Nel maggio di quest’anno, il primo ministro burkinabé Apollinaire Joachimson Kyélem de Tambèla ha dichiarato che le forze statali controllano solo il 65% del territorio. Una stima più generosa di quella elaborata dall’agenzia umanitaria UNOCHA (l’Ufficio delle Nazioni Unite per il coordinamento degli affari umanitari), che nel novembre precedente aveva parlato di un controllo dello stato oscillante tra il 60 e il 40%.
Per far fronte a questa sfida esistenziale, il Burkina aveva proclamato lo stato di emergenza nel 1° gennaio 2019, sotto la presidenza dell’allora presidente civile Marc Roch Kaboré. Fu quest’ultimo a creare nel 2020 anche i Volontari di difesa per la patria (VDP), un’unità composta da volontari destinati a supportare l’operato dell’esercito.
Rimasti pressoché inoperativi per anni, i VDP hanno conosciuto un nuovo slancio sotto Traoré, che ne ha fatto il perno della sua strategia di sicurezza. Stando a fonti governative, 90mila volontari sono stati già arruolati, anche se solo qualche migliaia è già arrivato al fronte di battaglia.

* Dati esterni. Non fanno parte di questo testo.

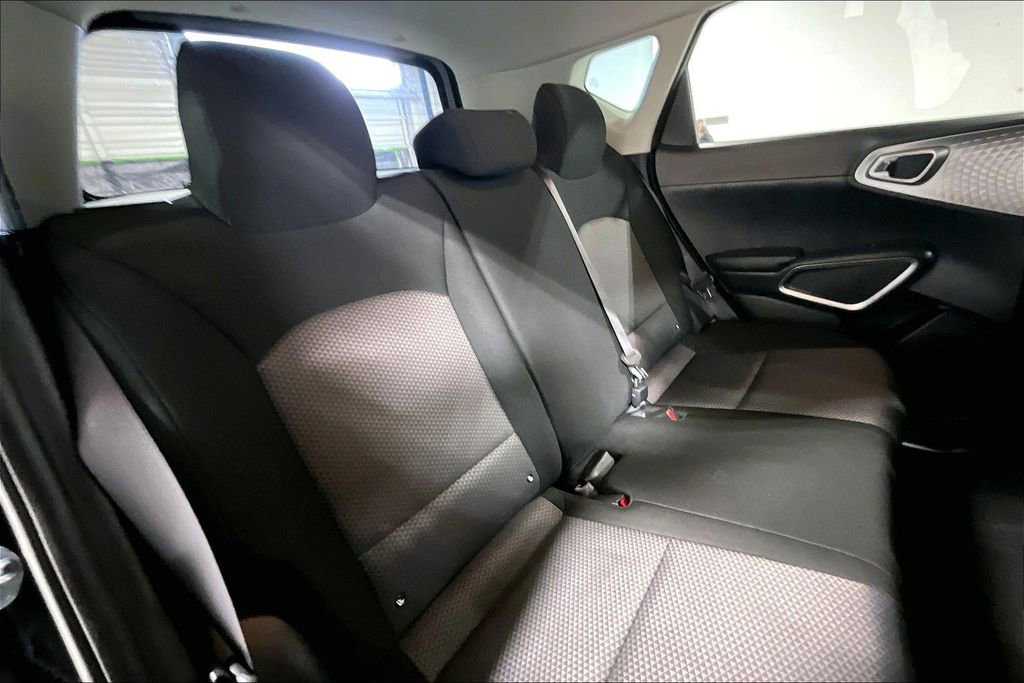 Used 2025 Kia Soul LX image 35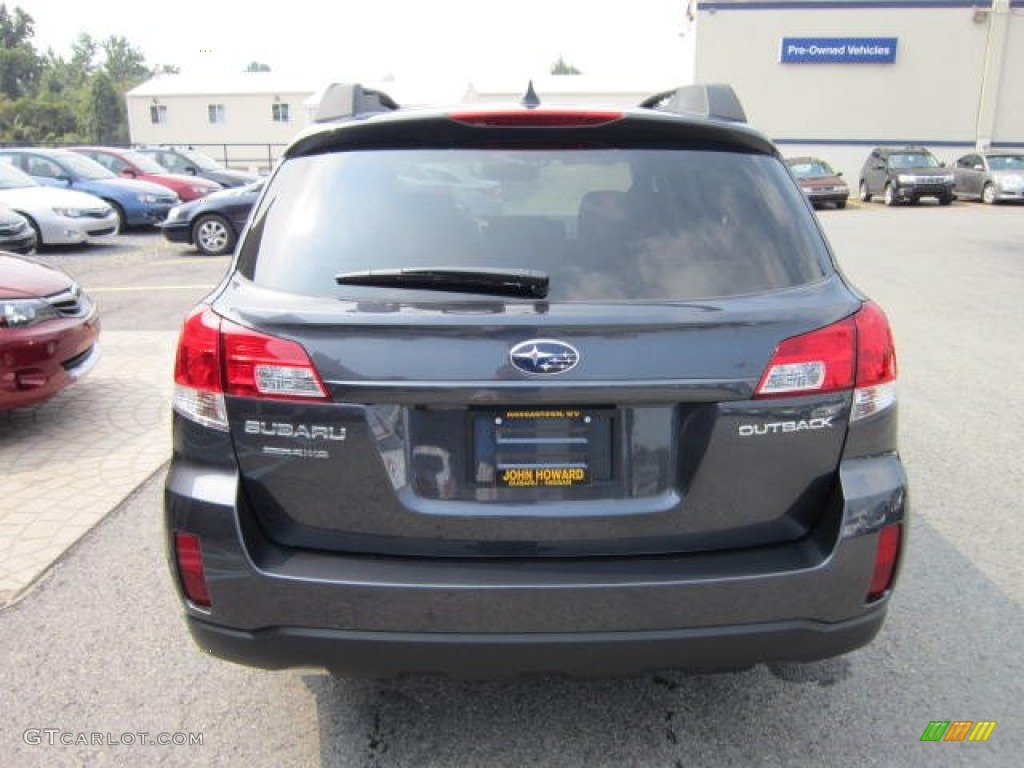 2011 Outback 2.5i Premium Wagon - Graphite Gray Metallic / Off Black photo #6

Da punto di forza del sostegno popolare alla giunta militare, i VDP stanno diventando un accentratore di discordie per vari motivi. Si va dalle accuse di coscrizioni tra le loro fila di oppositori politici, a quelle ancora più deflagranti di responsabilità in vari eccidi di civili compiuti nel quadro della lotta al terrorismo. Secondo queste tesi, i VDP – in supporto all’esercito regolare – avrebbero condotto operazioni di rappresaglia contro i civili, ritenuti collaborazionisti con le forze terroristiche.
L’ultimo episodio in questo senso è avvenuto il 6 novembre, nel villaggio di Zaongo nel centro-nord. Le autorità statali hanno dichiarato ieri che il bilancio provvisorio è di 70 morti e che faranno luce sui fatti. Una posizione che al momento rassicura poco. La popolazione burkinabé attende ancora di conoscere i risultati dell’inchiesta delle autorità ufficiali su un massacro simile, avvenuto nel villaggio di Karma, nell’aprile di quest’anno. In quel caso si registrarono 147 vittime civili. VDP ed esercito sono stati accusati di essere i responsabili diretti dell’eccidio.
Il consenso popolare alla giunta militare di Traoré passa in gran parte dalla sua capacità di riconquistare il territorio e riportare la sicurezza nel paese. Una mossa preliminare per poi rilanciare un’economia che, come si può immaginare, versa in uno stato critico.